▶ [Work required]:
Only text lines belong in the answer: the lines from the first one in the records through the line with "Panties Lingerie Heart", copied exactly.
::: Provided records
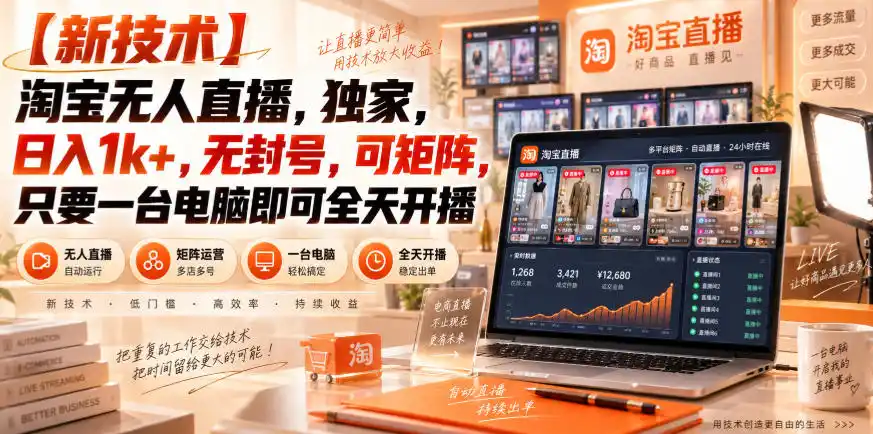 【独家新技术】淘宝无人直播，日入1k+，无封号，可矩阵，只要一台电脑即可全天开播【揭秘】-天梦资源网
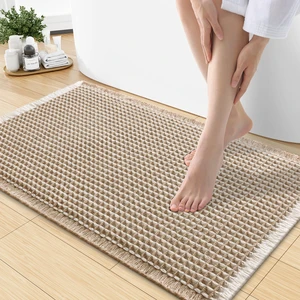 Smiry Waffle Bath Mat 30X18, Soft Absorbent Bathroom Rugs, Brown & Cream Smiry Waffle Bath Mat 30X18, Soft Absorbent Bathroom Rugs, Brown & Cream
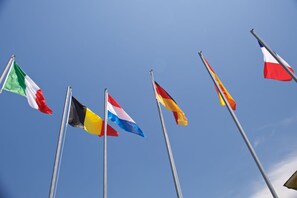 Multiple flags on flagpoles against a clear sky.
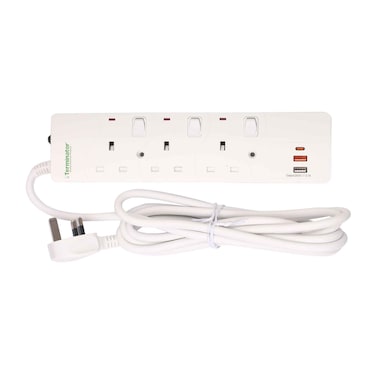 Terminator TPB 863UK-UAC 3-Way Power Extension Socket with USB-A and USB-C 3m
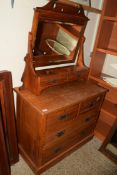 AMERICAN WALNUT LATE 19TH CENTURY DRESSING CHEST WITH SWING MIRROR OVER FOUR SHORT AND TWO LONG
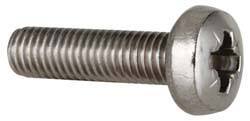 Value Collection - M8x1.25 Metric Coarse, 30mm Length Under Head Pozidriv Drive Machine Screw - Pan Head, Grade 18-8 & A2 Stainless Steel, Uncoated, Without Washer - USA Tool & Supply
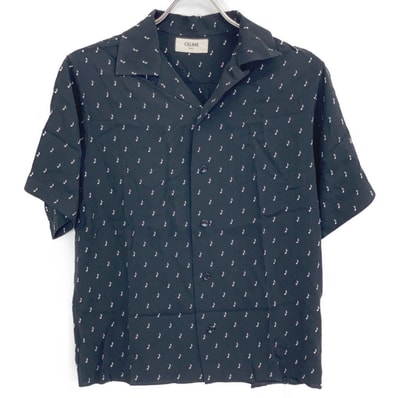 セリーヌ 2C036736D 19SS レーヨン 音符柄 S/Sシャツ 37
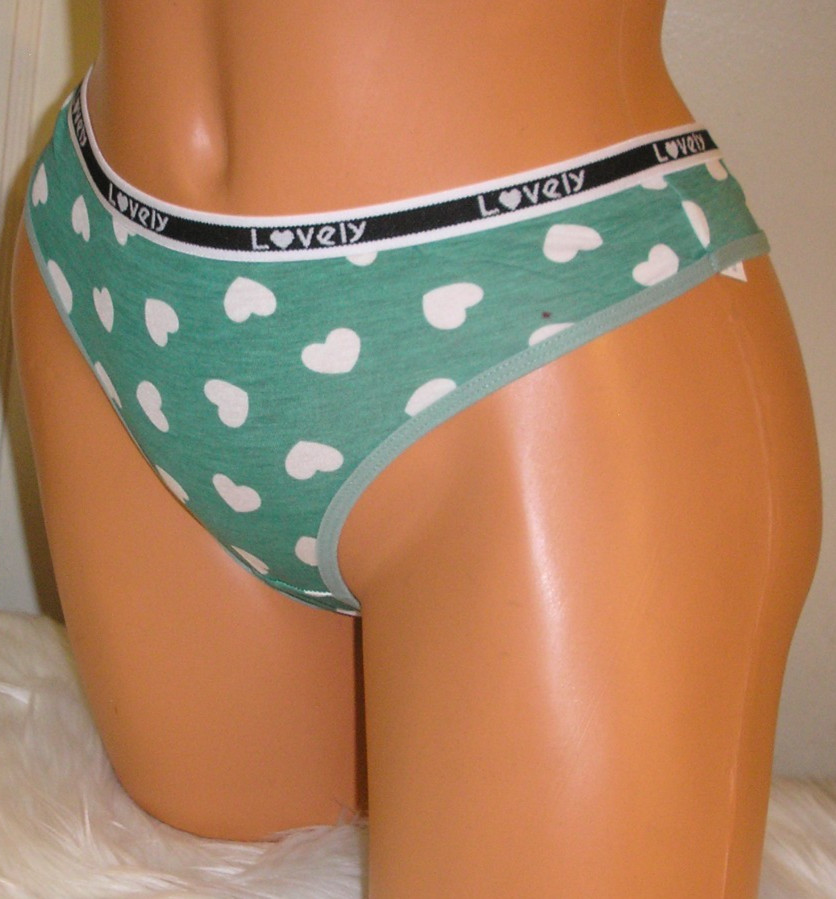 Panties Lingerie Heart Print Green Thong Medium Adult Gift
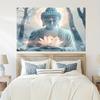 Buddha Tapestry Wall Hanging White Lotus Zen Decor for Meditation Room Home Spiritual Yoga Studio Minimalist Enlightenment Art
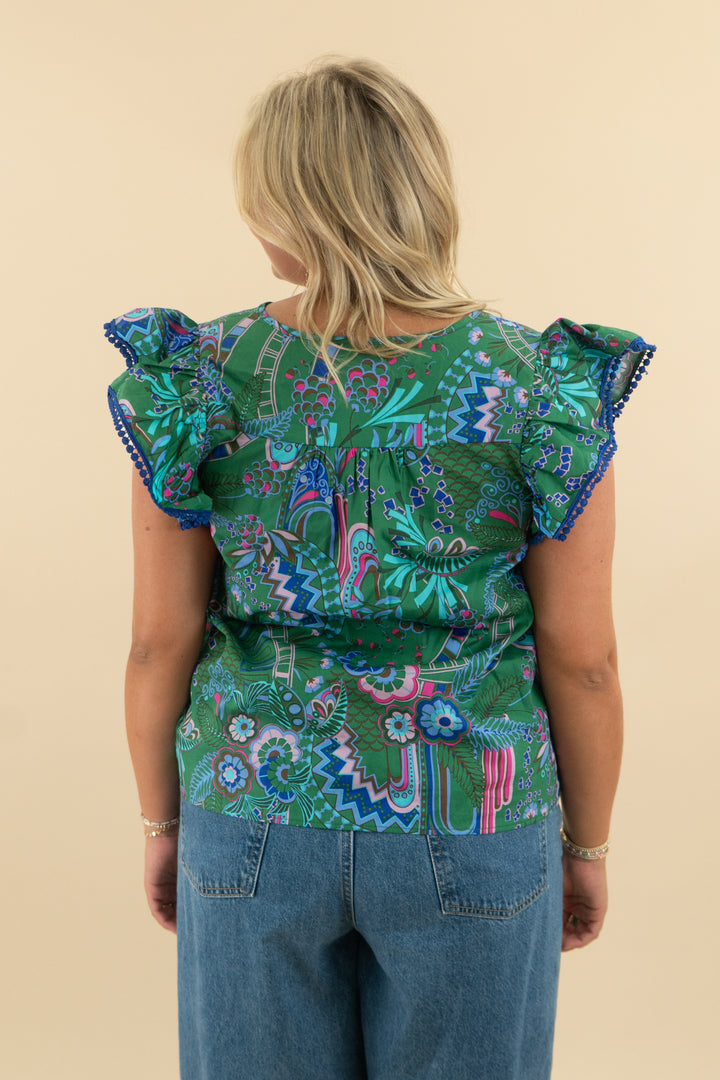 sugar lips green patterned smock top nwt (l; retail $75)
::::::
▶ [Answer to this problem]:
 【独家新技术】淘宝无人直播，日入1k+，无封号，可矩阵，只要一台电脑即可全天开播【揭秘】-天梦资源网
 Smiry Waffle Bath Mat 30X18, Soft Absorbent Bathroom Rugs, Brown & Cream Smiry Waffle Bath Mat 30X18, Soft Absorbent Bathroom Rugs, Brown & Cream
 Multiple flags on flagpoles against a clear sky.
 Terminator TPB 863UK-UAC 3-Way Power Extension Socket with USB-A and USB-C 3m
 AMERICAN WALNUT LATE 19TH CENTURY DRESSING CHEST WITH SWING MIRROR OVER FOUR SHORT AND TWO LONG
 Value Collection - M8x1.25 Metric Coarse, 30mm Length Under Head Pozidriv Drive Machine Screw - Pan Head, Grade 18-8 & A2 Stainless Steel, Uncoated, Without Washer - USA Tool & Supply
 セリーヌ 2C036736D 19SS レーヨン 音符柄 S/Sシャツ 37
 Panties Lingerie Heart Print Green Thong Medium Adult Gift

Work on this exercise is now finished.